From: Rich Budinger
Wisconsin Industrial Sand Association
A UW-Eau Claire professor and his students recently made headlines for monitoring air quality around local industrial sand sites. Without knowing the full story, however, their class project may cause readers undue concern about an industry that has operated safely and successfully in the Badger State for more than a century.
Silica in the form of quartz is the second most common substance in the earth’s crust and is present everywhere, in most dirt, sand, gravel and rocks. It is incorporated in many common materials – for example, the concrete, bricks, tile, paint, countertops and other items found in our homes probably contain silica. It is in the air, everywhere, all the time. The U.S. Environmental Protection Agency reports that quarries contribute less than 1 percent of the silica dust in the environment; most comes from dirt roads, paved roads, agricultural activities and construction.
Potential adverse health effects associated with exposure to sand dust are classified as occupational diseases. That’s why sand companies are highly regulated and why we use rigorous monitoring, regular health evaluations and sophisticated emission-control technology to protect employees – and, by extension, the public. Occupational instances of silicosis and other health impacts have dramatically declined in recent years, and there has never been a reported non-occupational health impact from environmental exposure to respirable crystalline silica in the United States.

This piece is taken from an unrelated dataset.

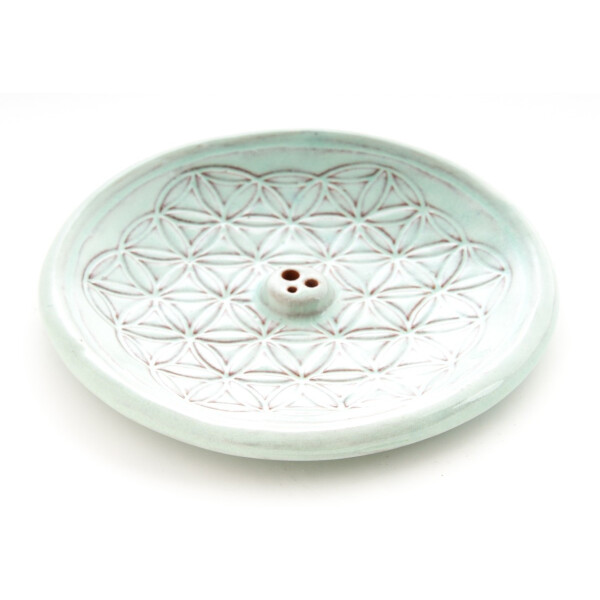 Blume des Lebens Türkis- Räucherstäbchenhalter aus Keramik ca. Ø 15 cm (KH-560-BL)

The EPA and the Wisconsin DNR have both concluded that by complying with stringent state and federal standards, industrial sand companies are protecting the public against potential silica health effects. The facts bear this out, and this is why the Wisconsin Industrial Sand Association (WISA) supports strict enforcement of these existing standards.
On behalf of the members and Friends of WISA, I want the public to know that air quality and the health and safety of employees and neighbors is a top priority for our members. Vigilance and adherence to strict rules and regulations is part of the reason sand mining has lasted more than 100 years here and continues to be an important industry, solid economic contributor and good neighbor in Wisconsin.